> [Records from a data collection]
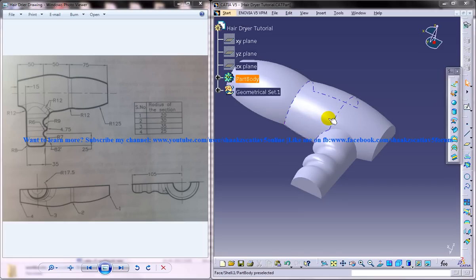Hi friends, this is Mohammed Shakeel here. In this tutorial, I am going to show you how you can design a hair dryer in Kitsia V5 with the part design and wireframe and surface design workbench.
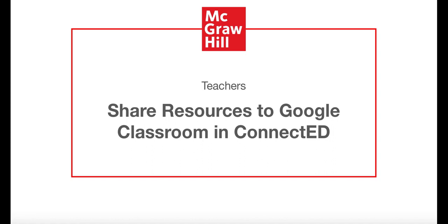This new feature is available in multiple ConnectEd programs, but in this video we are going to demonstrate sharing content from Reading Wonders.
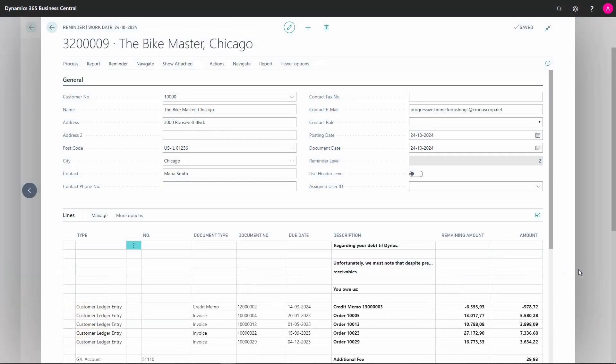In some cases, we would like to update the reminder text on our reminders. As a standard, when open entries still have not been paid since our last reminder, the reminder level will be increased by 1 and the text will follow the header level.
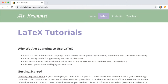Welcome. I'm Michelle Krummel and in this video I'm going to show you how to get started using LaTeX. LaTeX is a document markup language used to create professional looking documents with consistent formatting. It's especially useful if you're typesetting mathematical notation, so it's great if you're writing a paper that contains mathematics, creating tests and quizzes, or typing up homework assignments. I use it for other things too like creating slide presentations and even writing letters of recommendation. It has many many uses.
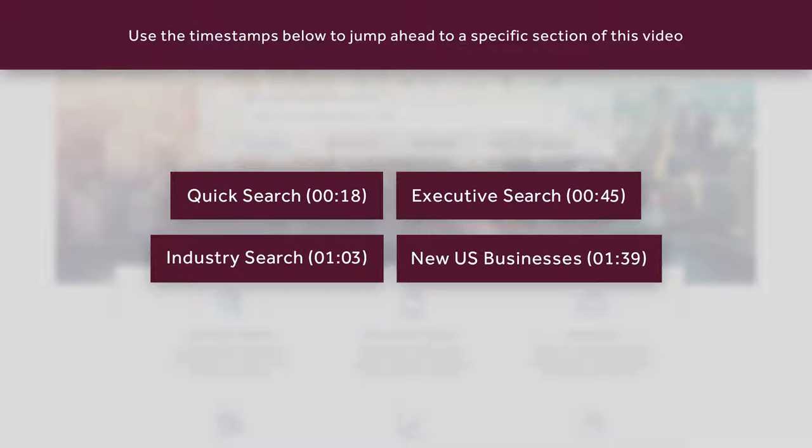Please note the chapter markers on the screen. These will allow you to jump ahead to a specific section of the video.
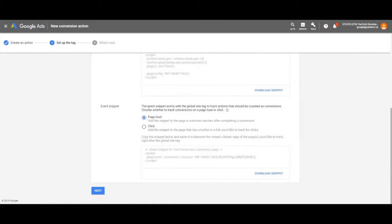If you already have a global tag, scroll down to the Event Snippet. We're going to keep this action to page load and then copy the Event Snippet.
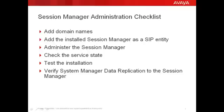Next, you will administer the Session Manager in the Session Manager Element Manager and make sure that the service state is set to accept new service. Finally, you will test the installation and then verify if System Manager is replicating its data to the Session Manager.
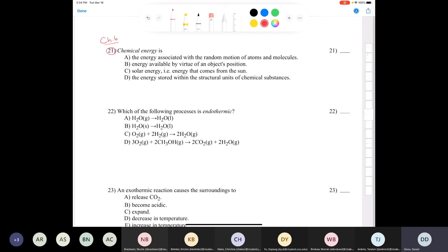Question 21 says 'chemical energy is' - which one fits the definition? The energy associated with the random motion of atoms and molecules is thermal energy. Energy available by virtue of an object's position is potential energy. Solar energy is radiant energy. But option D - the energy stored within the structural units of chemical substances, the energy stored within bonds and molecules - that is chemical energy.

> [EXERCISE AIM]
Only the lines from the one containing "This new feature" through the final line of the entries belong in the copy, both ends included. Pictures stay out.

> [RESPONSE AREA]
This new feature is available in multiple ConnectEd programs, but in this video we are going to demonstrate sharing content from Reading Wonders.
In some cases, we would like to update the reminder text on our reminders. As a standard, when open entries still have not been paid since our last reminder, the reminder level will be increased by 1 and the text will follow the header level.
Welcome. I'm Michelle Krummel and in this video I'm going to show you how to get started using LaTeX. LaTeX is a document markup language used to create professional looking documents with consistent formatting. It's especially useful if you're typesetting mathematical notation, so it's great if you're writing a paper that contains mathematics, creating tests and quizzes, or typing up homework assignments. I use it for other things too like creating slide presentations and even writing letters of recommendation. It has many many uses.
Please note the chapter markers on the screen. These will allow you to jump ahead to a specific section of the video.
If you already have a global tag, scroll down to the Event Snippet. We're going to keep this action to page load and then copy the Event Snippet.
Next, you will administer the Session Manager in the Session Manager Element Manager and make sure that the service state is set to accept new service. Finally, you will test the installation and then verify if System Manager is replicating its data to the Session Manager.
Question 21 says 'chemical energy is' - which one fits the definition? The energy associated with the random motion of atoms and molecules is thermal energy. Energy available by virtue of an object's position is potential energy. Solar energy is radiant energy. But option D - the energy stored within the structural units of chemical substances, the energy stored within bonds and molecules - that is chemical energy.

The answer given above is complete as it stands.